Schnitzel (Hebrew: שניצל) is a short, sci-fi, and comedy Israeli film which was written, produced and directed by Asaf Epstein and stars Neveh Tzur, Olga Bardukov, Arik Mishali, Nir Malik and Adi Feldman.

== Plot ==

=== Synopsis ===
An extraterrestrial visitor from outer space lands in a supermarket and decides to take the form of a schnitzel. Kobi Zucker (Neveh Tzur), a young teenage boy, is challenged by his love interest, Maya Kaplinski (Olga Bardukov), to retrieve something for her from within the supermarket. Craziness ensues when Kobi enters the supermarket and is confronted with "Schnitzel" the alien.

=== Characters ===

- Kobi Zucker (Neveh Tzur)
- Maya Kaplinski (Olga Bardukov)
- Simon the Butcher (Arik Mishali)
- Shraga the Guard (Nir Malik)
- Cashier Lady (Adi Feldman)
- Rollerblader (Ori Zeira)
- Grandmother (Ana Lebovitz)
- Strutting Screamer (Zarina Canizo)
- Benny (Navon Dassa)
- Bevermann (Yuval Malka)
- Kobi's Mother (voice) (Marina Kagan)
- Radio Announcer (Oded Leopold)
- Cheese Stewardess (Shira Refael)
- CGI - Actor / Singing Worker (Adam Dunhoff)
- Schnitzel (voice) (Yael Shachar)

== Production ==
Schnitzel was produced in Israel across 4 major locations. Interior shots of the supermarket were filmed in Hatzor HaGlilit while exterior shots were shot at Mishmar HaSharon. Other scenes such as that of the country road were shot in Ga'ash. Studio production was rendered in Tel-Aviv.
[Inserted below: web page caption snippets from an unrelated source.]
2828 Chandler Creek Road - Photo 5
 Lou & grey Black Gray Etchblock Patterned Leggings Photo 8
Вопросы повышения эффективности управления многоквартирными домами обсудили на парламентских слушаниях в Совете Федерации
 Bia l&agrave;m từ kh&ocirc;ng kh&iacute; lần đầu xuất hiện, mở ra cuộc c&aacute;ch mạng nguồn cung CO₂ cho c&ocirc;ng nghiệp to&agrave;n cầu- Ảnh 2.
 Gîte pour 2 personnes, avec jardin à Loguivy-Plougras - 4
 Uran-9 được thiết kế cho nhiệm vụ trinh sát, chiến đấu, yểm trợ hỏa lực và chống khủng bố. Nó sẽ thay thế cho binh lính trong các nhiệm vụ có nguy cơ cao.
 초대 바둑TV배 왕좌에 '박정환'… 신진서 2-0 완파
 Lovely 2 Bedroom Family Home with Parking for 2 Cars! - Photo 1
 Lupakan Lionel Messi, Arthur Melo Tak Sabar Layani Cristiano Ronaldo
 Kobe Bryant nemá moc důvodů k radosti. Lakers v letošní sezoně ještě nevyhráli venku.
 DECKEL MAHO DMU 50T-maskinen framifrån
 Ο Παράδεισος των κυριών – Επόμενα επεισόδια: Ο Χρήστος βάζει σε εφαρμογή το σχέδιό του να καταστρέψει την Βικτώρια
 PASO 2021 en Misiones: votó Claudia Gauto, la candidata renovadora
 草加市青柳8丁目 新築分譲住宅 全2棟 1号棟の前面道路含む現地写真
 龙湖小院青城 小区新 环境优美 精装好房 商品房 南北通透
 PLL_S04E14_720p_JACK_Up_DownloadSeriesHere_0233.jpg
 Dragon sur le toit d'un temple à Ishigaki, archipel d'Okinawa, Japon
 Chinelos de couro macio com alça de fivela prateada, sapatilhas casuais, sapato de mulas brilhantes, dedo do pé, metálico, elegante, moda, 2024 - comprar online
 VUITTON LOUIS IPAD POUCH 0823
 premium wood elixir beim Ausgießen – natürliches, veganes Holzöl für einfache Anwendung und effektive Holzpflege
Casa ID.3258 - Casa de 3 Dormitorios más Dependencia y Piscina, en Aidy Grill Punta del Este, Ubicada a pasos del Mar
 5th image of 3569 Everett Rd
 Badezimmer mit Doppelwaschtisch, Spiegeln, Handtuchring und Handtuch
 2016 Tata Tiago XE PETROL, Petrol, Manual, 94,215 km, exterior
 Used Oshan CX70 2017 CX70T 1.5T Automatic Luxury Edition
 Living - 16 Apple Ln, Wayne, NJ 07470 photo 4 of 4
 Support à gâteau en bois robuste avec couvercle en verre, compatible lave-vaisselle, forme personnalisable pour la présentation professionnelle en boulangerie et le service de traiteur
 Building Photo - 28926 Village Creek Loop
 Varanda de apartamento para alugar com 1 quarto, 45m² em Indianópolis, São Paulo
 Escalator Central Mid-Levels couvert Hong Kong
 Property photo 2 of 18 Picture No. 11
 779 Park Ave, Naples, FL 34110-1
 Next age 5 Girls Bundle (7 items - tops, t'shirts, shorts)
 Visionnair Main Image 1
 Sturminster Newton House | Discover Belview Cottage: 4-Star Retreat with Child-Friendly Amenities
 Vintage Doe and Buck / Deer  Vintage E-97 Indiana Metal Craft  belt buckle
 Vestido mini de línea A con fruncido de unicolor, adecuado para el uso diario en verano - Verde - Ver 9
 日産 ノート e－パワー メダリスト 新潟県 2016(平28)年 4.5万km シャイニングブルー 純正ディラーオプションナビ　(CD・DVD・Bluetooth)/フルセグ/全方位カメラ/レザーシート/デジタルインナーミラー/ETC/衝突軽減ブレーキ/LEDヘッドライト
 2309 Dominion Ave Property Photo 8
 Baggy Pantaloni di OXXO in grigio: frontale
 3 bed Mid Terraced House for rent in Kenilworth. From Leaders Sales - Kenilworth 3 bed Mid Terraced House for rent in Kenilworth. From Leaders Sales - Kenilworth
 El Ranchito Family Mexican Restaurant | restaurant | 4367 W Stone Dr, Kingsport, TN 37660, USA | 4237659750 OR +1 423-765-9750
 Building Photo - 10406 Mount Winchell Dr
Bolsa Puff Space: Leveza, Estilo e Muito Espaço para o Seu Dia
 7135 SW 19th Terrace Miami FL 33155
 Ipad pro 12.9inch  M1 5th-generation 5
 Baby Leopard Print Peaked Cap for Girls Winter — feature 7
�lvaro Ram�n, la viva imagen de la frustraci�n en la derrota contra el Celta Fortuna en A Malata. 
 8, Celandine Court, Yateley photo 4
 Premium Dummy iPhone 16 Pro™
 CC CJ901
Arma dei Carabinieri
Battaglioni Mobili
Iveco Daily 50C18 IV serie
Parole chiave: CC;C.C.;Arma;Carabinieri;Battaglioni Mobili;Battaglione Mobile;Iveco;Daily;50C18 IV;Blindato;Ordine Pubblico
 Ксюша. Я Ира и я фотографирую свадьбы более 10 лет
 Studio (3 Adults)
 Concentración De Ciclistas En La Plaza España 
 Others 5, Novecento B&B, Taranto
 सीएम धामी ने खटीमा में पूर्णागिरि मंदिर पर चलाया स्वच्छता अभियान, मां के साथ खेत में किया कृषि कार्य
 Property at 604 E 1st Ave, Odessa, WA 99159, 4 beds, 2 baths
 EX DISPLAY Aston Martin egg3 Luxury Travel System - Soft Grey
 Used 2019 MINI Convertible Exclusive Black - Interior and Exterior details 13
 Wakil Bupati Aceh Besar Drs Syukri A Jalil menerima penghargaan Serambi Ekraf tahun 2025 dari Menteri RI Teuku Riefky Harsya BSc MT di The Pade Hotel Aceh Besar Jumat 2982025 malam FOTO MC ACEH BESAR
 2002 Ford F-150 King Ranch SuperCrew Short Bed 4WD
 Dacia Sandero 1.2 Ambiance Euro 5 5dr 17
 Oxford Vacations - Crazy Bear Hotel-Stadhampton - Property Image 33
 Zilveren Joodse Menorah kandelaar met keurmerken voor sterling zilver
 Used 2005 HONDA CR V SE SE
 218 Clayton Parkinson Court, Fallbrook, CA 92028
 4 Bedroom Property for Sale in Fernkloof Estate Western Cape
Original score was written and produced for the film by Amit Poznansky.

The film also made use of CGI to create the character of "Schnitzel" the alien which was then blended in with live-action scenes.

== Awards ==
- Best Score (Amit Poznansky) - South Carolina Cultural Film Festival (2015)
- Best International Film - South Carolina Cultural Film Festival (2015)
- Best Science Fiction Film - Hyart Film Festival (2015)
- Best International Coming-of-Age - Manhattan Film Festival (2015)
- Best Producer of a Foreign Language Film - Madrid International Film Festival (2015)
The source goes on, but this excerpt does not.